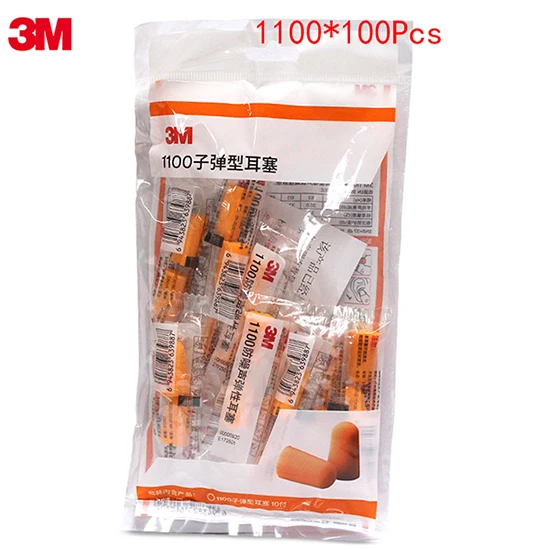 100Pcs 1100 27 в 1 костюм 3 м 7502 химическая промышленность Спрей Краска Респиратор Половина лица противогаз с 3 м 1100 ушной затычкой - Цвет: 100Pcs 1100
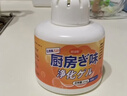 尚美德厨房除味剂除臭橱柜去味神器净化油烟味抑菌祛味空气清新剂四瓶装 实拍图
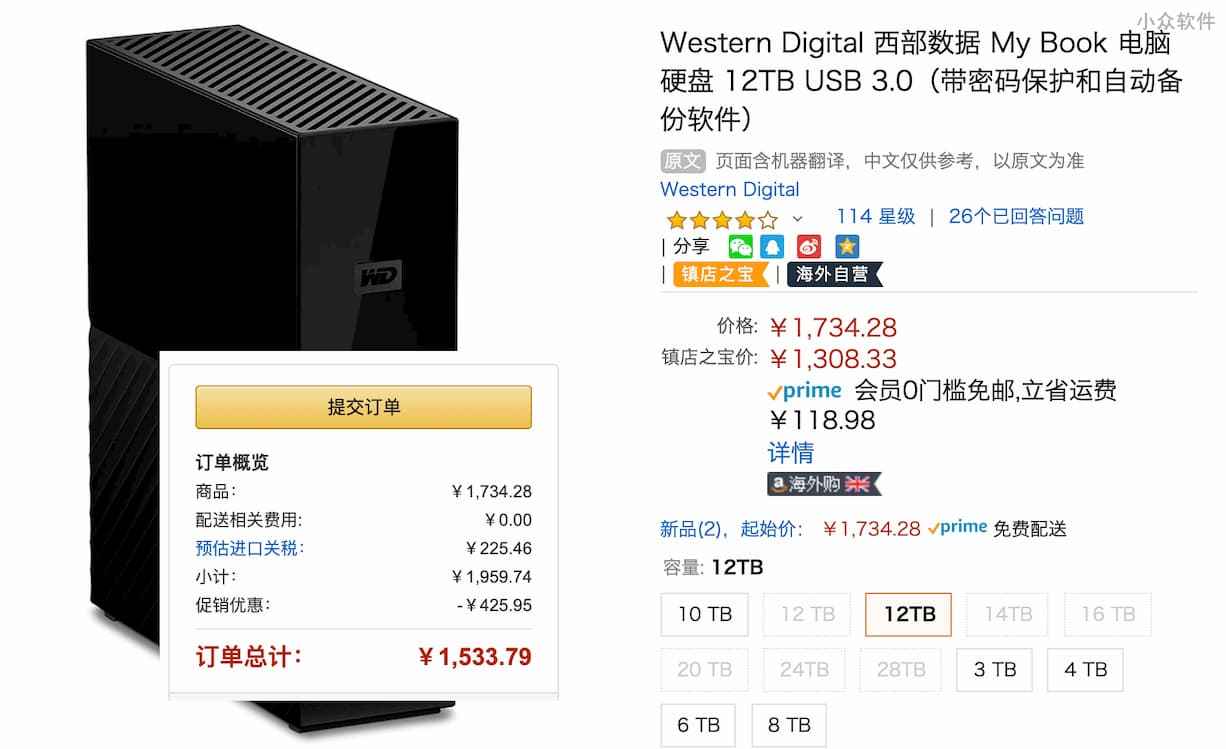 亚马逊镇店之宝，Prime 特价：西部数据 My Book 12TB 外置硬盘特价 3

__DIRECTIONS__
The copy runs from the line containing "尚美德厨房除味剂除臭橱柜去味神器净化油烟味抑菌祛味空气清新剂四瓶装 实拍图" through the last line of the material, both ends included. Reproduce those lines exactly and drop the pictures.

__SOLUTION TO THIS TASK__
 尚美德厨房除味剂除臭橱柜去味神器净化油烟味抑菌祛味空气清新剂四瓶装 实拍图
 亚马逊镇店之宝，Prime 特价：西部数据 My Book 12TB 外置硬盘特价 3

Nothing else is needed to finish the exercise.